- _WORK REQUIRED_
With pictures excluded, output exactly the lines that run from the first line of the data below through the line containing "Спортивные брюки Nike".

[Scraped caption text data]
>>>>

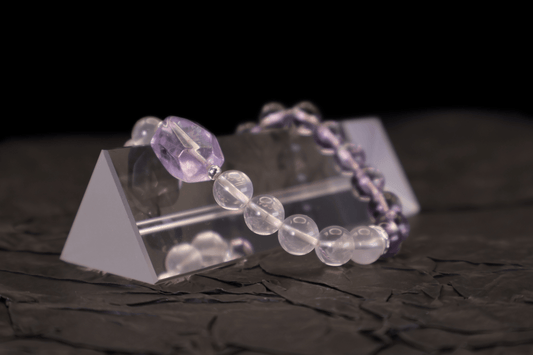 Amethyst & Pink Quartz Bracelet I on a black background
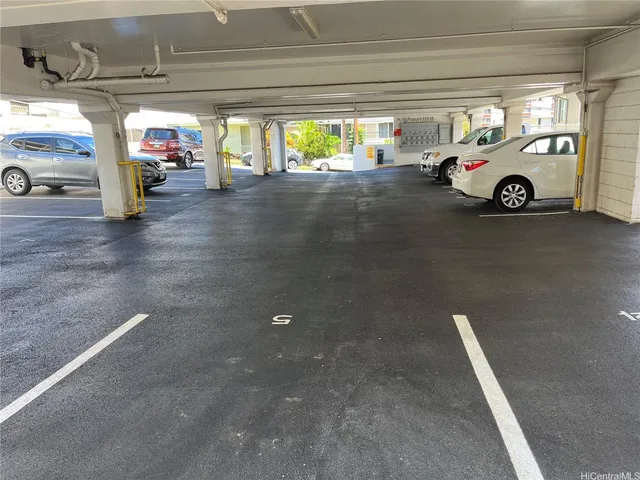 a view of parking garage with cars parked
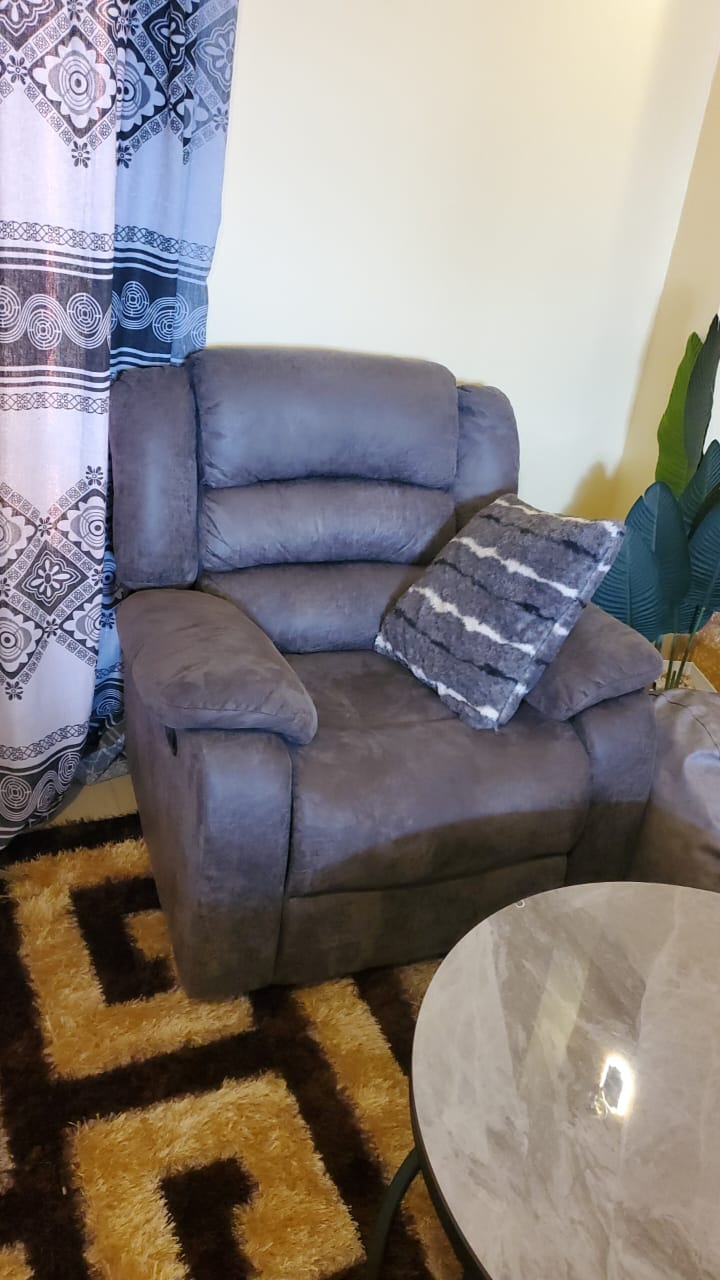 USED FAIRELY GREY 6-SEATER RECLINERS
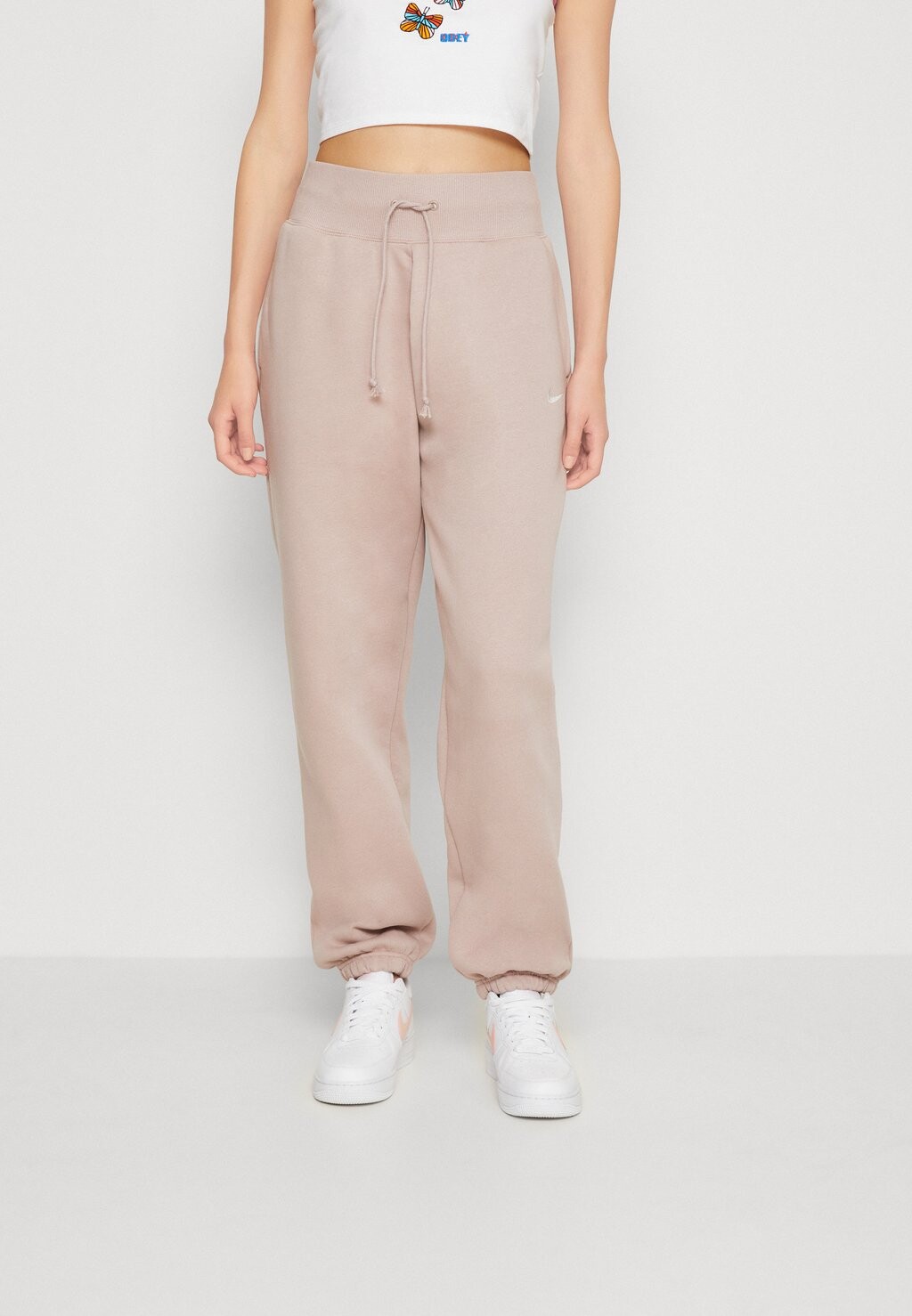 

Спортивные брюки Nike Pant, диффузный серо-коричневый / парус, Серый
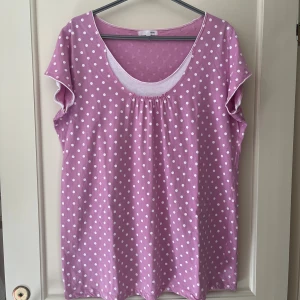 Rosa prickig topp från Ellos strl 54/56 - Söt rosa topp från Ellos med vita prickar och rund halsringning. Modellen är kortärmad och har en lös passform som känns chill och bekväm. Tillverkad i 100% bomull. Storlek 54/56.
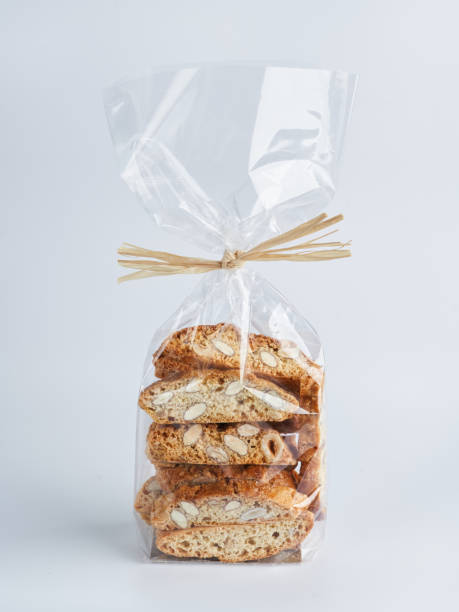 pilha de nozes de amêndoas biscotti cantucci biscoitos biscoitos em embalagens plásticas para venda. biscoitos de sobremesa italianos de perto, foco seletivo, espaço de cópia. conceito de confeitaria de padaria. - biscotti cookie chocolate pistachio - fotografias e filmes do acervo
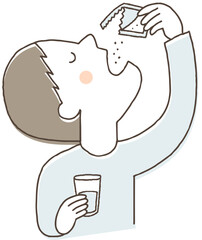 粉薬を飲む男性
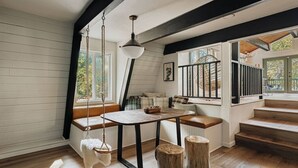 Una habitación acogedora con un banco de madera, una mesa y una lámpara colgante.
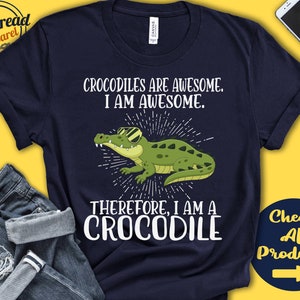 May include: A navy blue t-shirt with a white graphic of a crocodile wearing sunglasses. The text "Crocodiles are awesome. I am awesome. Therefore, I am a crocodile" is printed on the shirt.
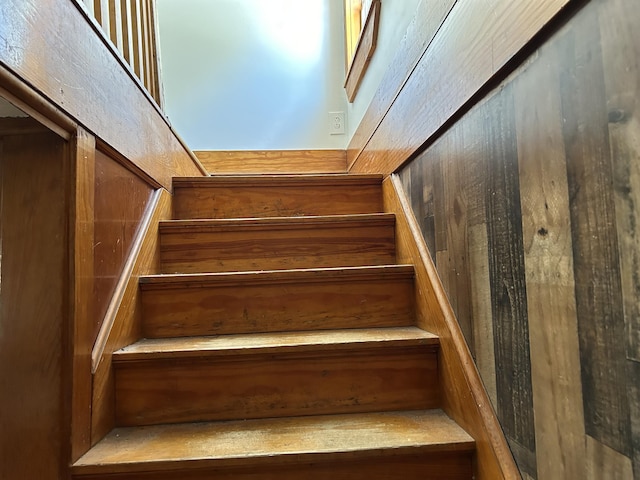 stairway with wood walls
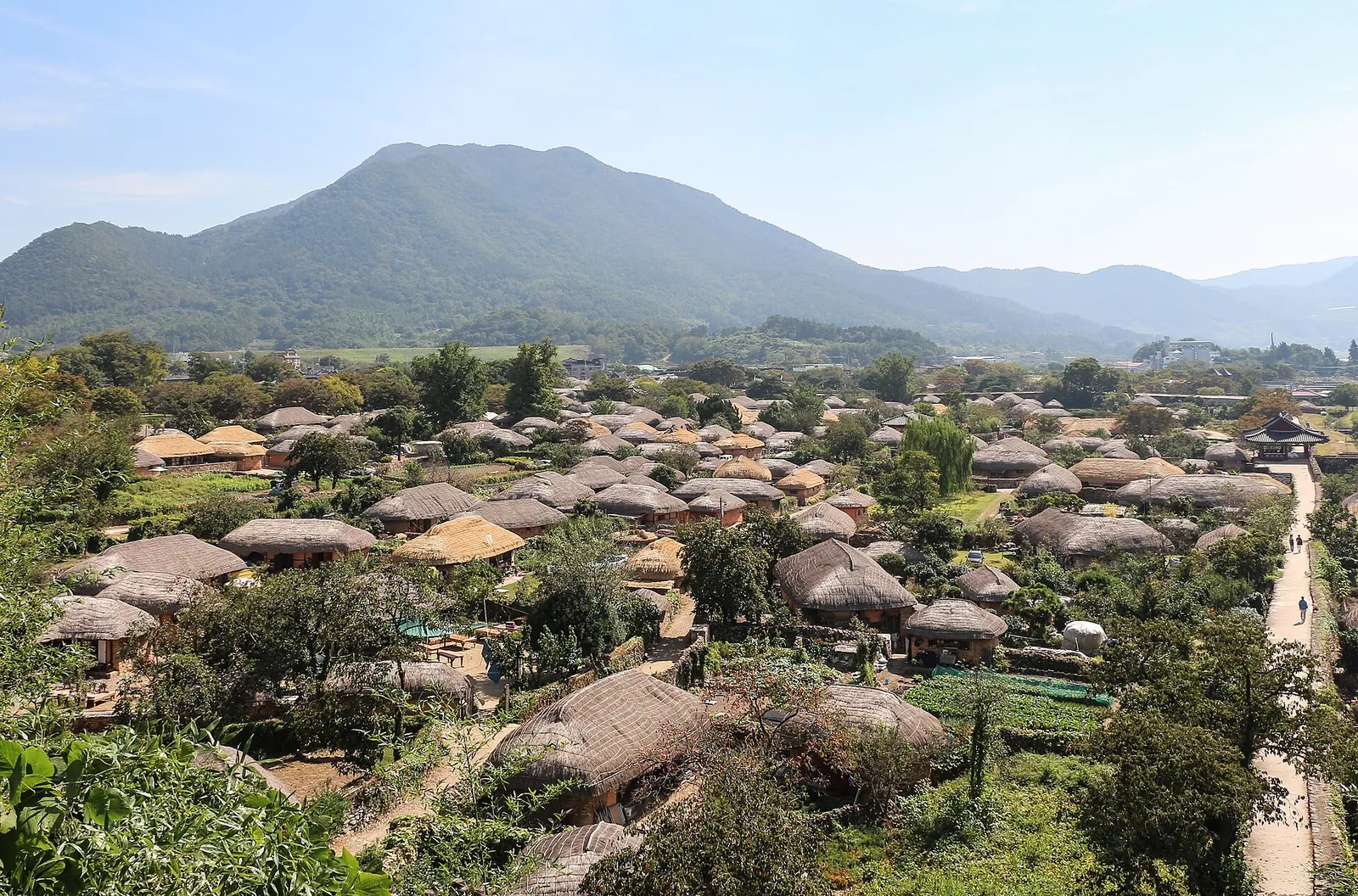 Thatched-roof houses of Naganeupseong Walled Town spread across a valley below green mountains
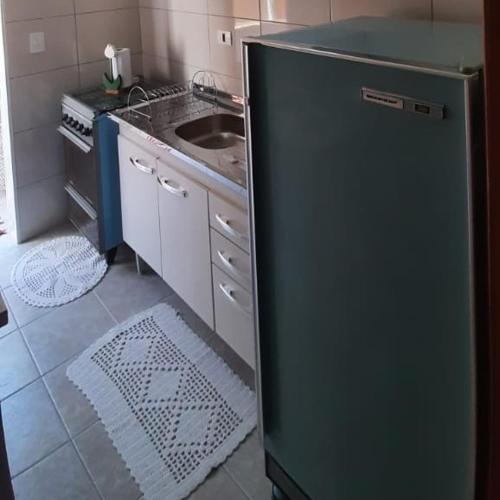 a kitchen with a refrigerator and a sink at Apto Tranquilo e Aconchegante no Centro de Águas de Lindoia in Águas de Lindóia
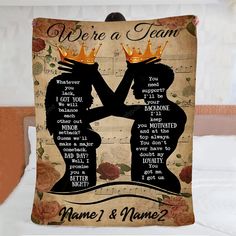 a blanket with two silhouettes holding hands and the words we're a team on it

<<<<

- _REPLY_
 Amethyst & Pink Quartz Bracelet I on a black background
 a view of parking garage with cars parked
 USED FAIRELY GREY 6-SEATER RECLINERS

Спортивные брюки Nike Pant, диффузный серо-коричневый / парус, Серый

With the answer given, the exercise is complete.